▶ **ENTRIES SHOWN**
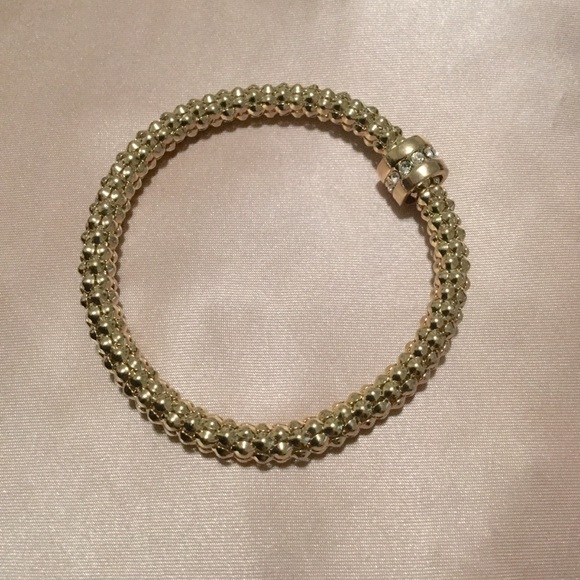 Gold-colored stretchy bracelet - Picture 1 of 2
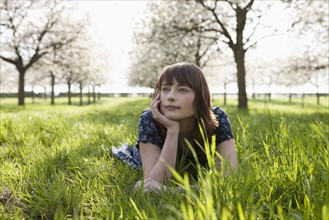 Belgium, Sint-Truiden, Portrait of young woman in spring orchard. 
Photo : Jan Scherders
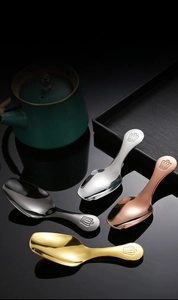 Detail of four stainless steel spoons with crown handles in gold, rose gold, silver and black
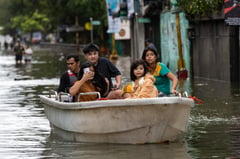 Floodwaters submerge Navotas as storm surge overwhelms river gate
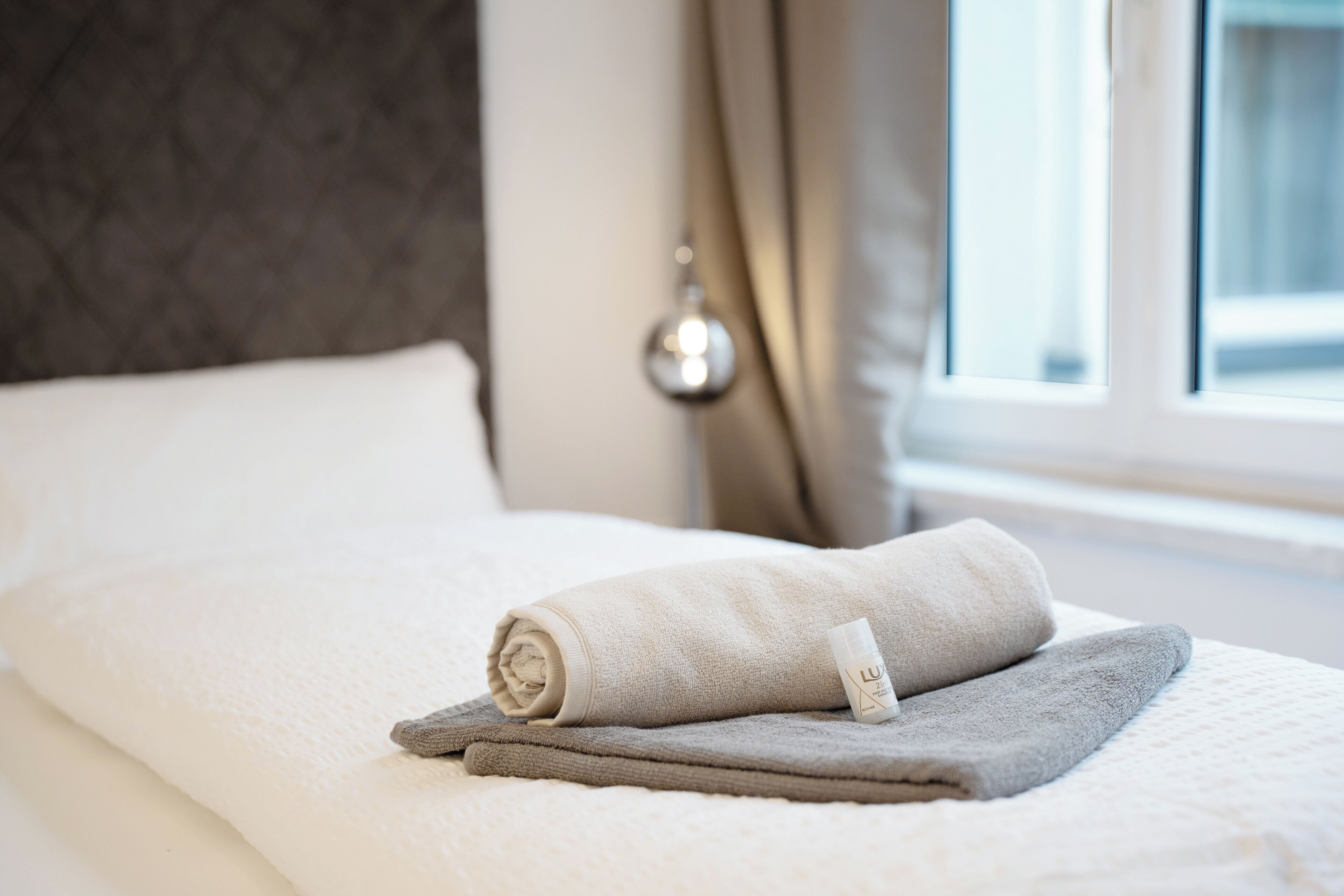 A neatly made bed with a folded towel and a bottle of lotion, a window with curtains, and a wall-mounted light fixture.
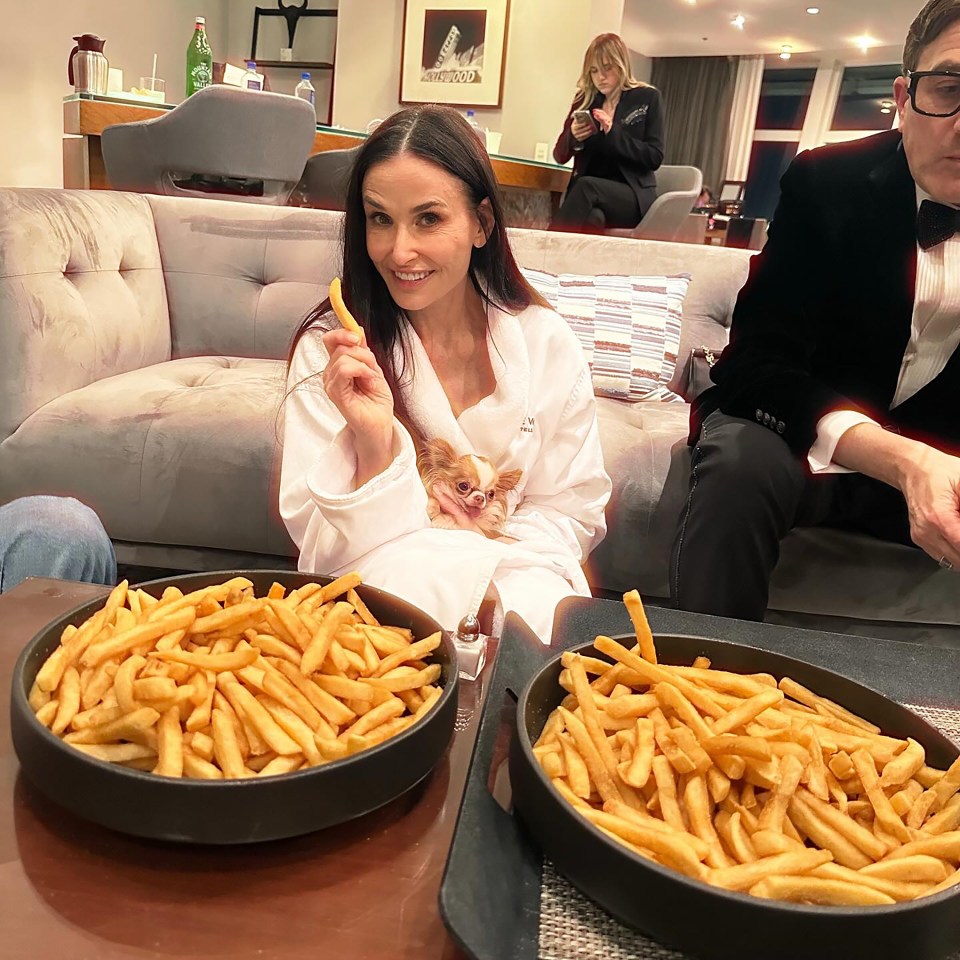 Woman in bathrobe with small dog eating french fries.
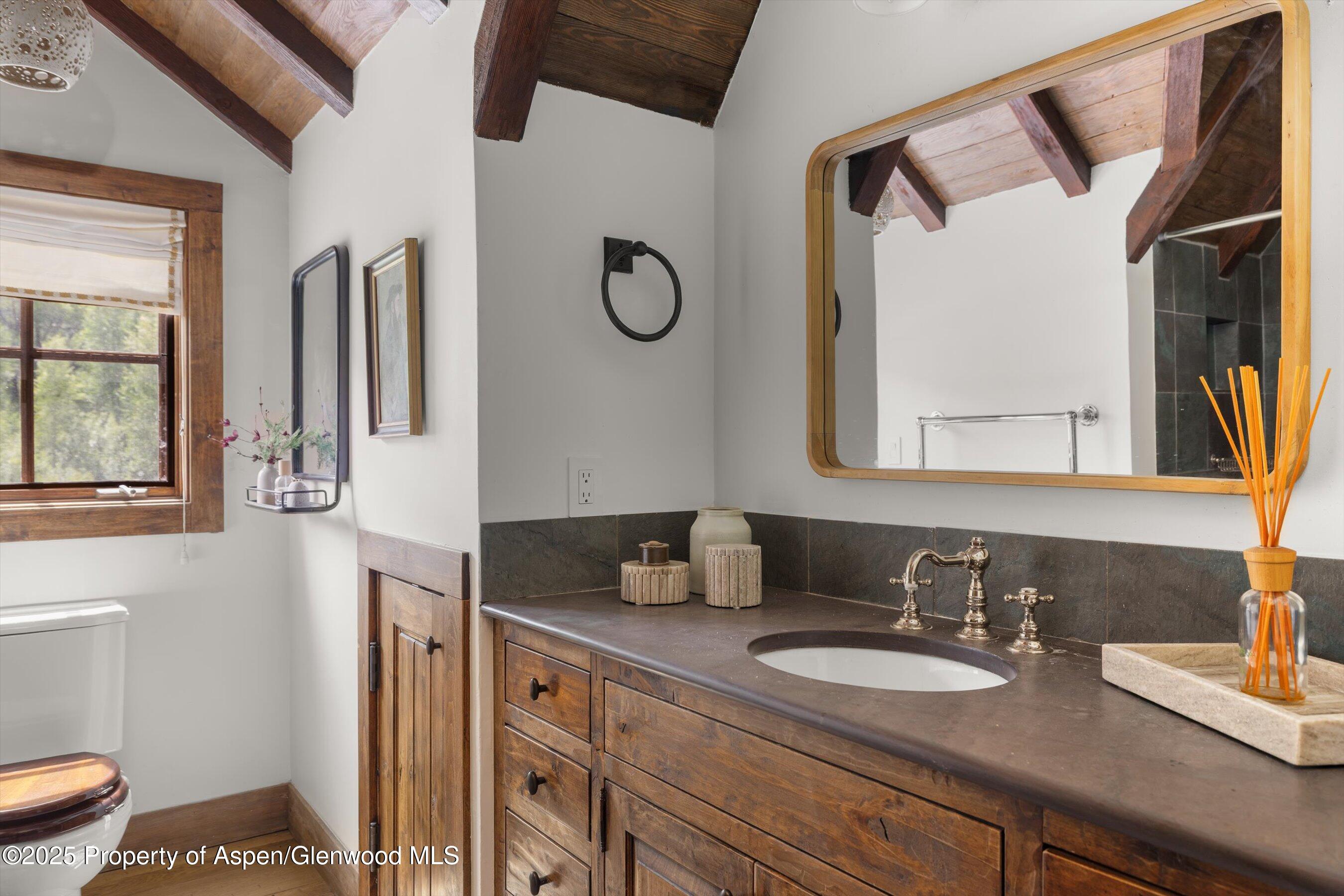 6458 Snowmass Creek Road Snowmass, CO 81654 - Photo 83 of 114 a bathroom with a granite countertop sink and a mirror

▶ **EXERCISE AIM**
Your job is to restate, word for word, only the lines from the one holding "Belgium, Sint-Truiden, Portrait" through the end of the material; pictures stay out.

▶ **WRITTEN RESPONSE**
 Belgium, Sint-Truiden, Portrait of young woman in spring orchard. 
Photo : Jan Scherders
 Detail of four stainless steel spoons with crown handles in gold, rose gold, silver and black
 Floodwaters submerge Navotas as storm surge overwhelms river gate
 A neatly made bed with a folded towel and a bottle of lotion, a window with curtains, and a wall-mounted light fixture.
 Woman in bathrobe with small dog eating french fries.
 6458 Snowmass Creek Road Snowmass, CO 81654 - Photo 83 of 114 a bathroom with a granite countertop sink and a mirror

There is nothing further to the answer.